Der Gedanke an Dennis und Rob rief ihr den längst versprochenen Anruf ins Gedächtnis. Sie zog ihr Handy hervor und tippte Robs Nummer ein. Ihr war unbehaglich zumute. Sie kannte Robs direkte Art, Fragen zu stellen. Sie mochte ihn nicht belügen, aber was sollte sie ihm darüber sagen, wie sich ihre Zukunft gestalten würde? Sie wusste es ja selbst nicht.
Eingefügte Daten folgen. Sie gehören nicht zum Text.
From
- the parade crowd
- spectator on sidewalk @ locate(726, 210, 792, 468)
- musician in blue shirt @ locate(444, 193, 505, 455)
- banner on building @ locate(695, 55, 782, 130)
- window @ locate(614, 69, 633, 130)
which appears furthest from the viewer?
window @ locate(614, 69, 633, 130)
Rob meldete sich beim ersten Klingeln. Er hatte ihre Nummer auf dem Display erkannt, denn er sagte sofort: »Rosanna?«
»Hallo, Rob. He, was machst denn du für Sachen?« »Weiß nicht.«
»Klar weißt du das! Ich meine, dass du deine Mutter aufsuchst, finde ich ja ganz verständlich und in Ordnung, aber du hättest es deinem Dad vorher sagen müssen. Wir haben uns beide große Sorgen gemacht.«
»Hm.«
»Wie geht es dir?«
»Gut.«
»Ist deine Mutter bei dir?«
»Die ist einkaufen. Aber sie kommt bald nach Hause. Dann wollen wir irgendetwas zusammen unternehmen. Zu McDonald's gehen, oder so. Dad ist wieder in Gibraltar.«
»Ich weiß. Ich habe schon mit ihm telefoniert. Rob …«, sie zögerte, denn sie wollte ihm nicht das Gleiche sagen, was er wahrscheinlich seit Tagen von allen Erwachsenen ringsum zu hören bekam. Aber schließlich brachte es nichts, das Wesentliche auszusparen.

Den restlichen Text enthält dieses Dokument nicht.